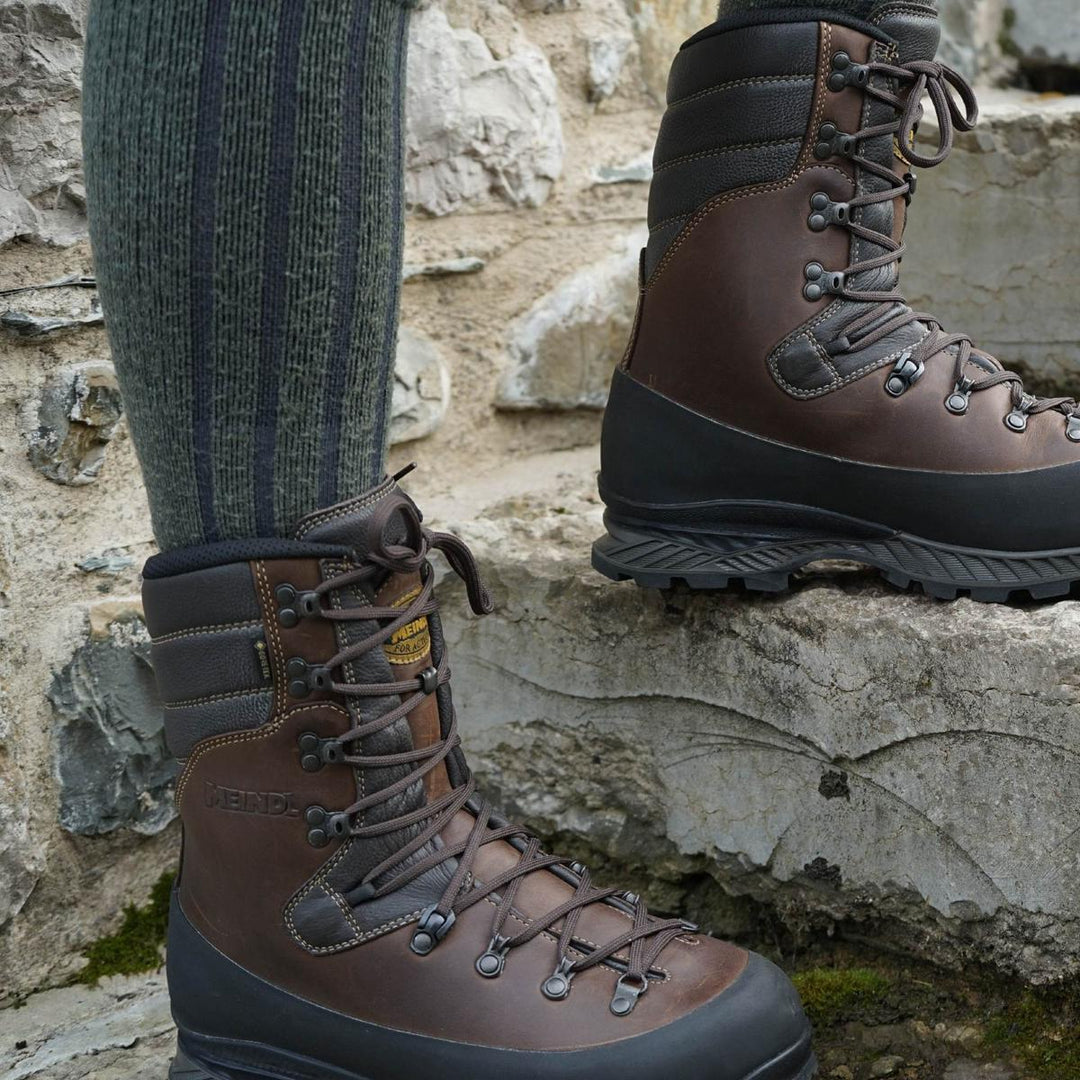 Meindl Stavanger MFS Leather Boots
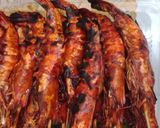 Foto langkah ke 5 dari resep Udang Bakar.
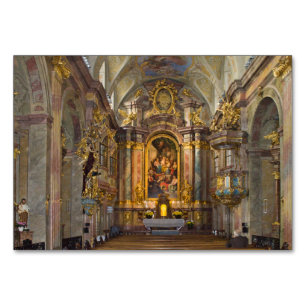 Annakirche, Wien Österreich Bordsnummer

◇ ◇ ◇

• [REQUIREMENT]
Leave the images out and transcribe the rest of the material exactly.

• [OUTPUT OF THE TASK]
 Meindl Stavanger MFS Leather Boots
 Foto langkah ke 5 dari resep Udang Bakar.
 Annakirche, Wien Österreich Bordsnummer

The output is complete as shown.